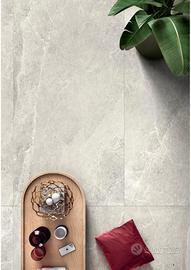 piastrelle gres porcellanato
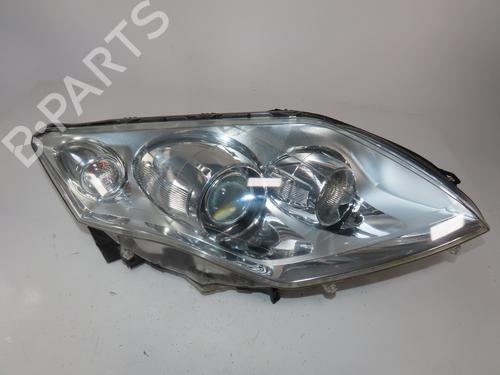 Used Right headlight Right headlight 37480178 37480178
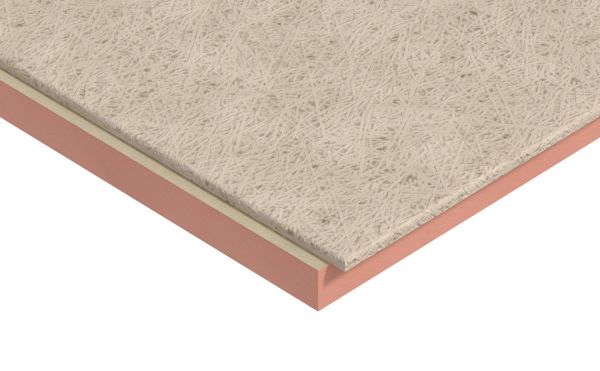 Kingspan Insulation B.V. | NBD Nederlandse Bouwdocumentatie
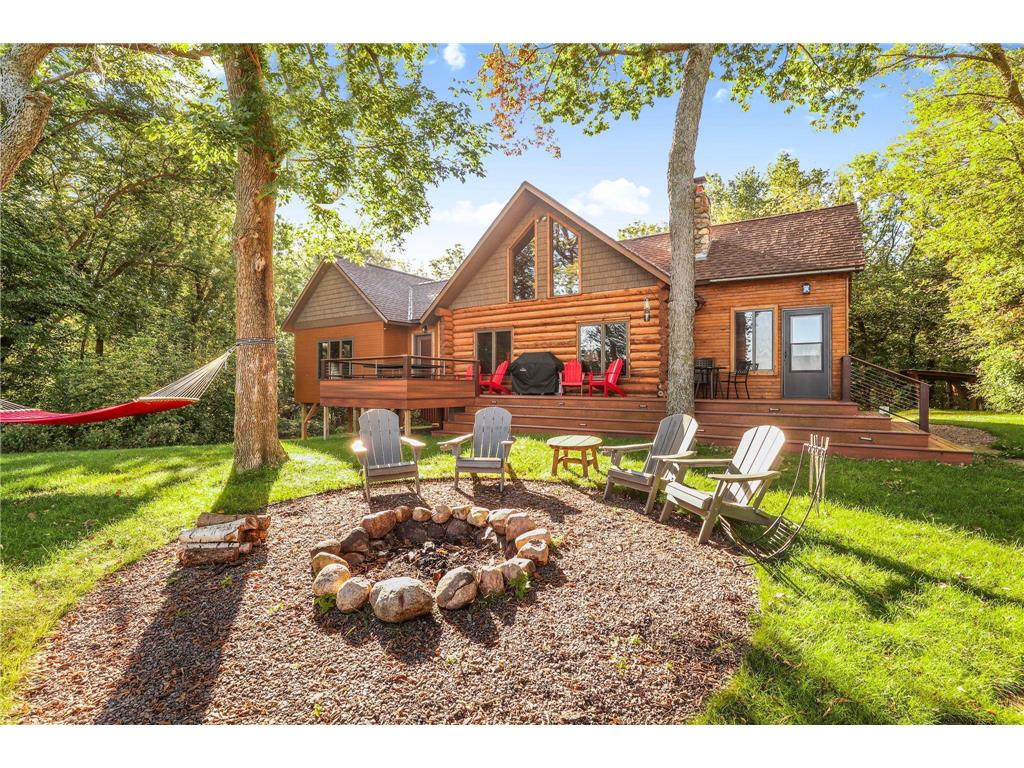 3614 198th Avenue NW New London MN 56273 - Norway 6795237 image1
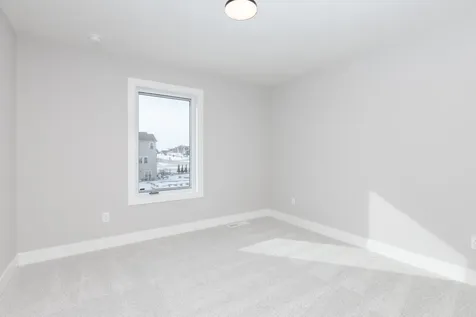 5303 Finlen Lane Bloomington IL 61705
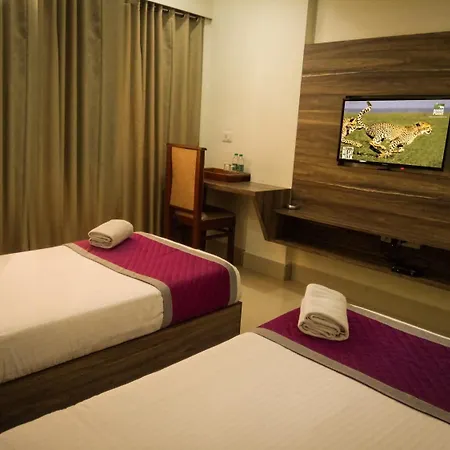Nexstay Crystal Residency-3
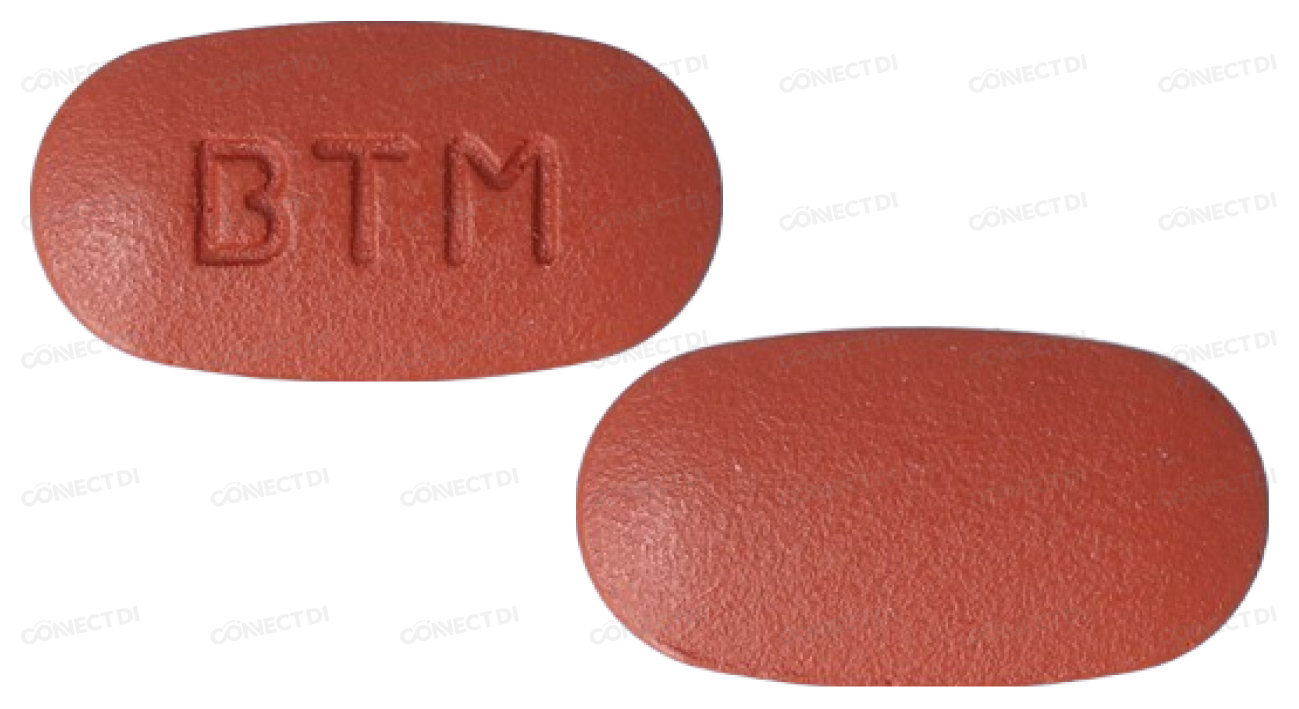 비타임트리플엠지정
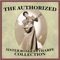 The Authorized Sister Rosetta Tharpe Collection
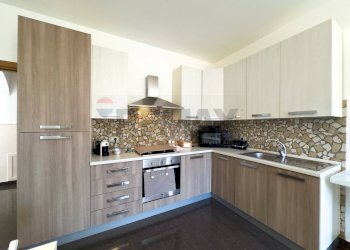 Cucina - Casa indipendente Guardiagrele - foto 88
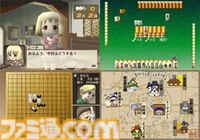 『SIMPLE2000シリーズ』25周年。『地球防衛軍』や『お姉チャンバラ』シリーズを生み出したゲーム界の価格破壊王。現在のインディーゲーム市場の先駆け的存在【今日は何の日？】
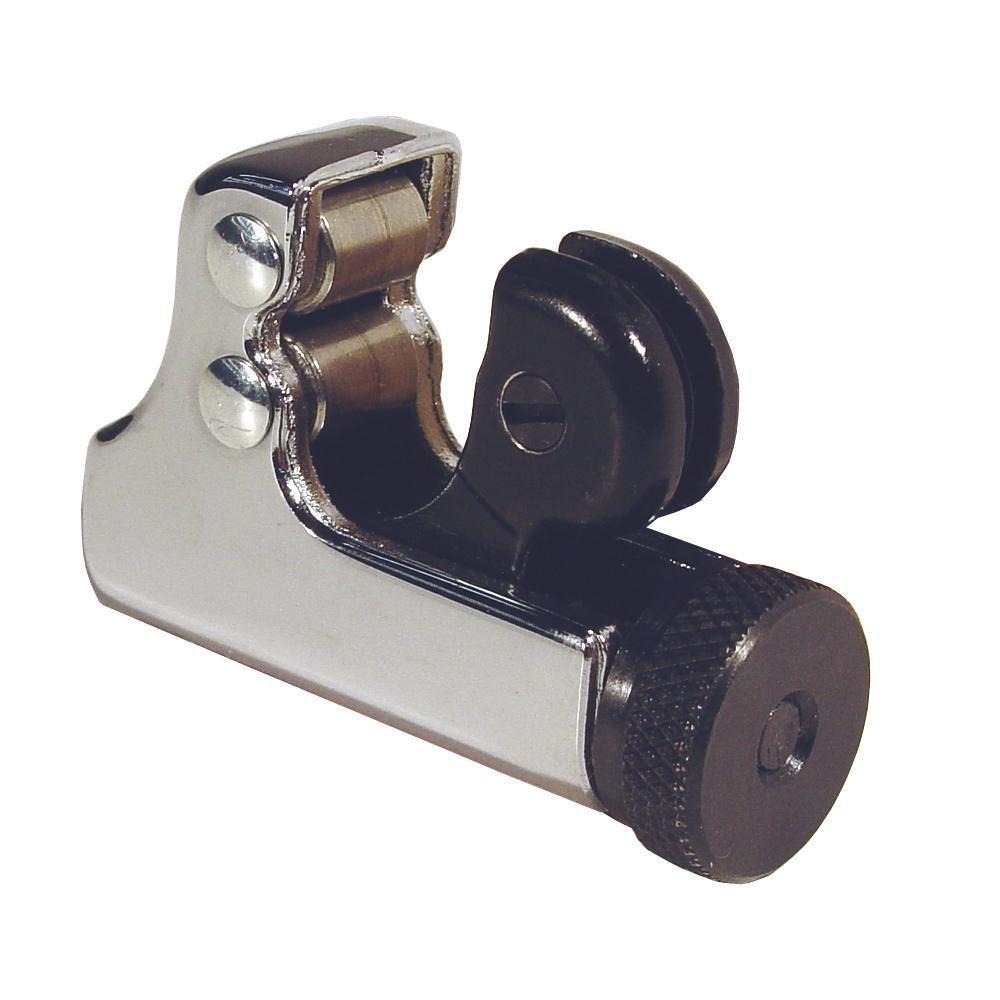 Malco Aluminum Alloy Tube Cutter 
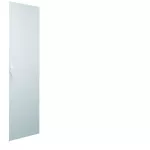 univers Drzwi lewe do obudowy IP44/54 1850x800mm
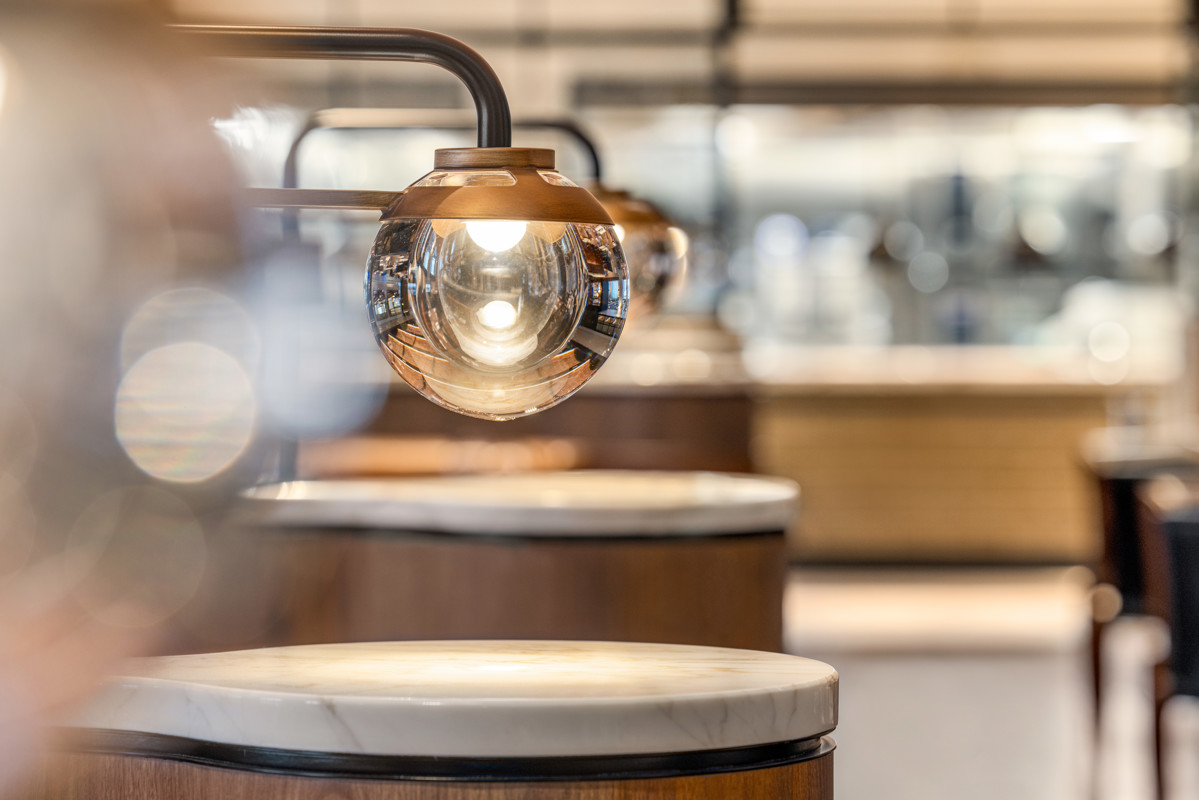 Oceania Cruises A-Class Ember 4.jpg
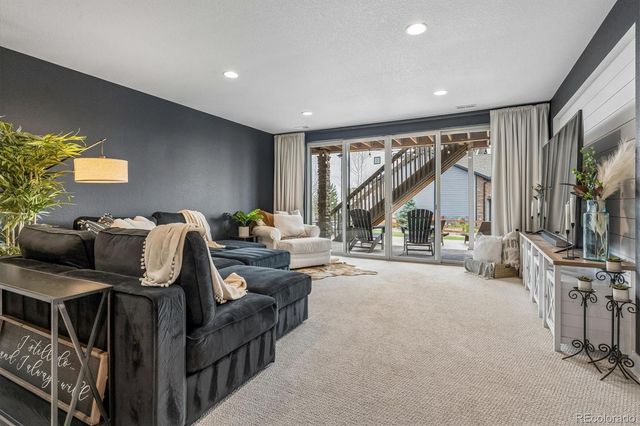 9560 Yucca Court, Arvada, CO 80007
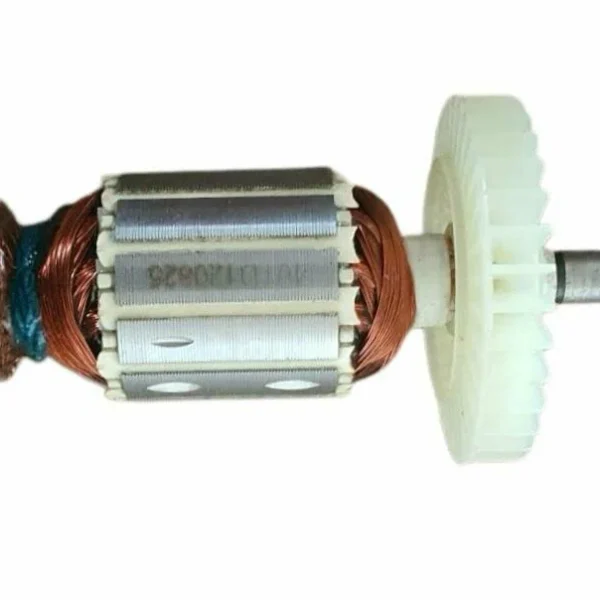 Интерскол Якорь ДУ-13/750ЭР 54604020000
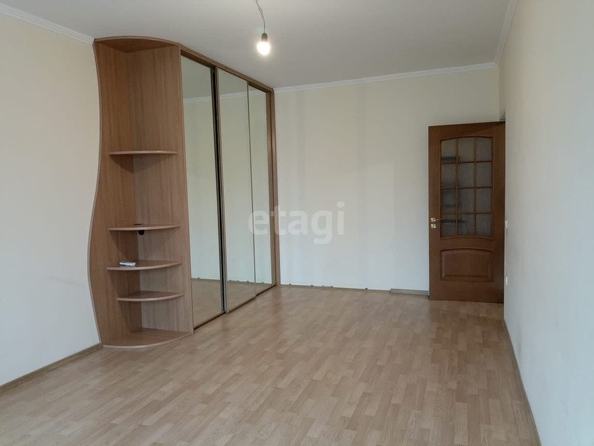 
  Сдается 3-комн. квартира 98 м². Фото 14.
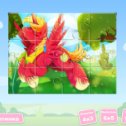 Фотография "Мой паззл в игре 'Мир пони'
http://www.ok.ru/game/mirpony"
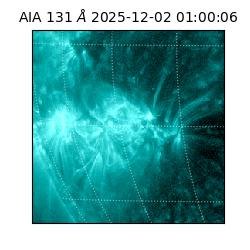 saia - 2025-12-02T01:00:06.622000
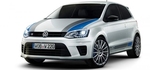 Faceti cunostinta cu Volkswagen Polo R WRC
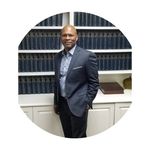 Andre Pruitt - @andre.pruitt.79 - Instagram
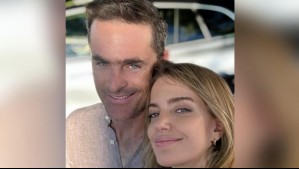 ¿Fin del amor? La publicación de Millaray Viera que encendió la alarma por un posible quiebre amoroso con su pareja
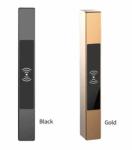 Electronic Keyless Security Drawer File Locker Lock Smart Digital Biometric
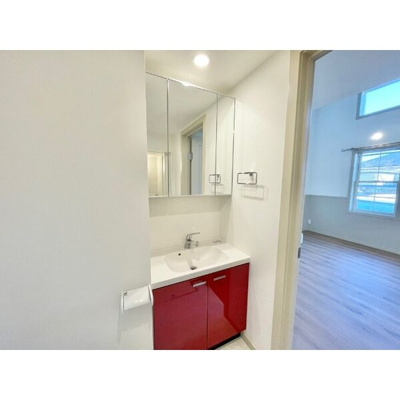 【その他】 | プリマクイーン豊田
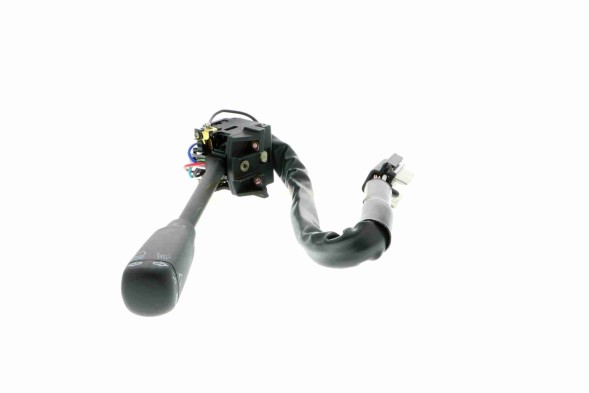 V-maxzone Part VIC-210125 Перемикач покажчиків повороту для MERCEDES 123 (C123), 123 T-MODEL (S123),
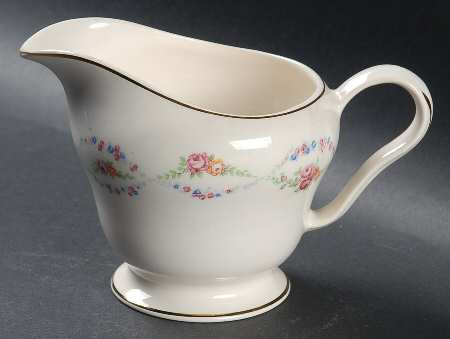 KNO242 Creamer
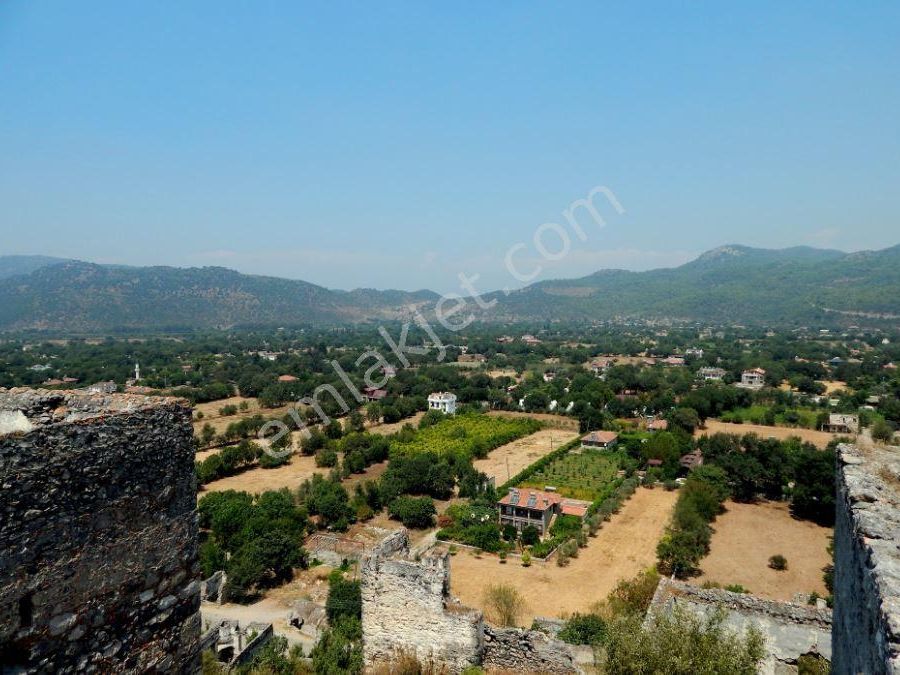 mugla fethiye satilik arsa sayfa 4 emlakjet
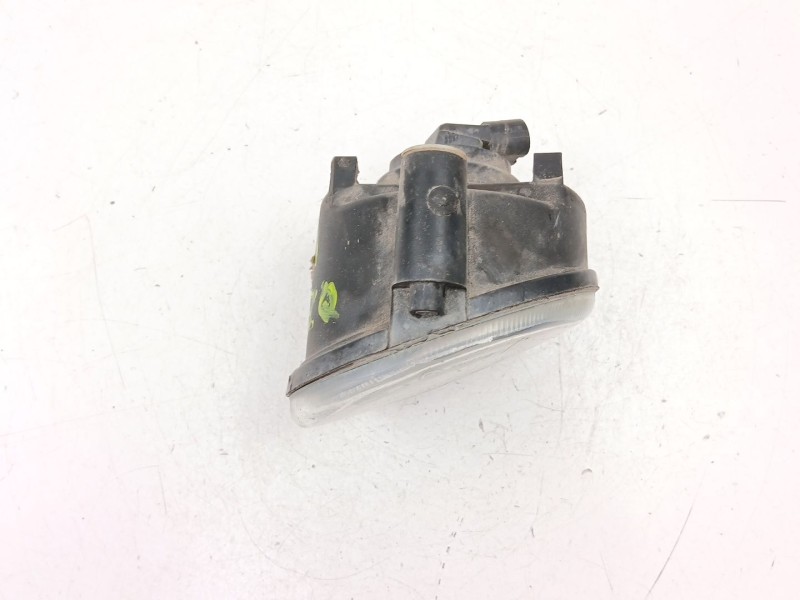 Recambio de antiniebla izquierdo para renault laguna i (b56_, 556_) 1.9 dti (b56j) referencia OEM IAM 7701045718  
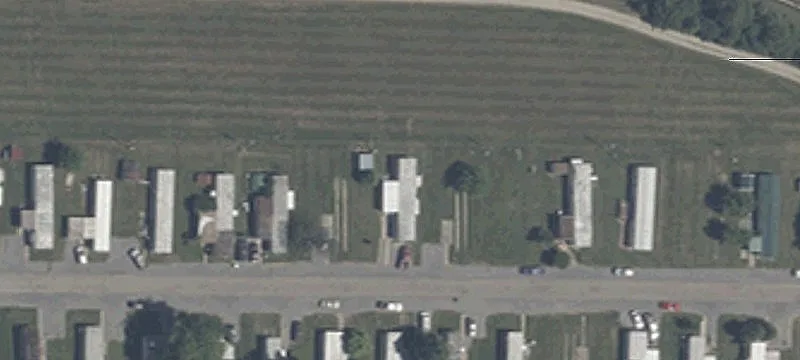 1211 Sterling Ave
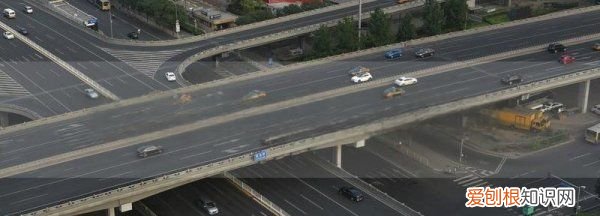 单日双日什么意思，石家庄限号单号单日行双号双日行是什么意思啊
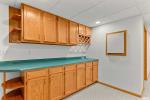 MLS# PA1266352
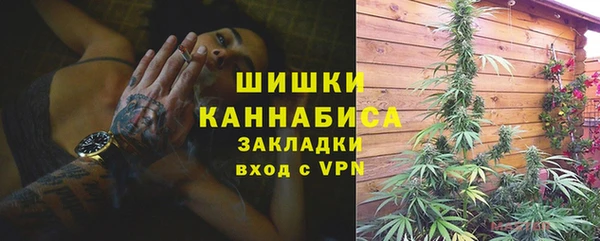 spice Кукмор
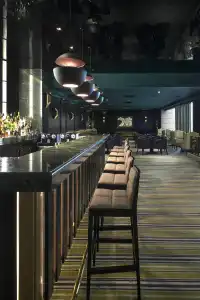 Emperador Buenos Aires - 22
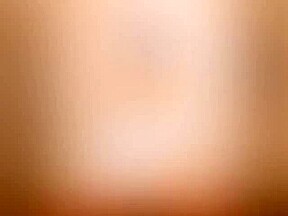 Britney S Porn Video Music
● ● ● ● ●
Output the data exactly as it appears. The pictures do not belong in it.

> SOLUTION TO THE EXERCISE:
 piastrelle gres porcellanato
 Used Right headlight Right headlight 37480178 37480178
 Kingspan Insulation B.V. | NBD Nederlandse Bouwdocumentatie
 3614 198th Avenue NW New London MN 56273 - Norway 6795237 image1
 5303 Finlen Lane Bloomington IL 61705
Nexstay Crystal Residency-3
 비타임트리플엠지정
 The Authorized Sister Rosetta Tharpe Collection
 Cucina - Casa indipendente Guardiagrele - foto 88
 『SIMPLE2000シリーズ』25周年。『地球防衛軍』や『お姉チャンバラ』シリーズを生み出したゲーム界の価格破壊王。現在のインディーゲーム市場の先駆け的存在【今日は何の日？】
 Malco Aluminum Alloy Tube Cutter 
 univers Drzwi lewe do obudowy IP44/54 1850x800mm
 Oceania Cruises A-Class Ember 4.jpg
 9560 Yucca Court, Arvada, CO 80007
 Интерскол Якорь ДУ-13/750ЭР 54604020000
  Сдается 3-комн. квартира 98 м². Фото 14.
 Фотография "Мой паззл в игре 'Мир пони'
http://www.ok.ru/game/mirpony"
 saia - 2025-12-02T01:00:06.622000
 Faceti cunostinta cu Volkswagen Polo R WRC
 Andre Pruitt - @andre.pruitt.79 - Instagram
 ¿Fin del amor? La publicación de Millaray Viera que encendió la alarma por un posible quiebre amoroso con su pareja
 Electronic Keyless Security Drawer File Locker Lock Smart Digital Biometric
 【その他】 | プリマクイーン豊田
 V-maxzone Part VIC-210125 Перемикач покажчиків повороту для MERCEDES 123 (C123), 123 T-MODEL (S123),
 KNO242 Creamer
 mugla fethiye satilik arsa sayfa 4 emlakjet
 Recambio de antiniebla izquierdo para renault laguna i (b56_, 556_) 1.9 dti (b56j) referencia OEM IAM 7701045718  
 1211 Sterling Ave
 单日双日什么意思，石家庄限号单号单日行双号双日行是什么意思啊
 MLS# PA1266352
 spice Кукмор
 Emperador Buenos Aires - 22
 Britney S Porn Video Music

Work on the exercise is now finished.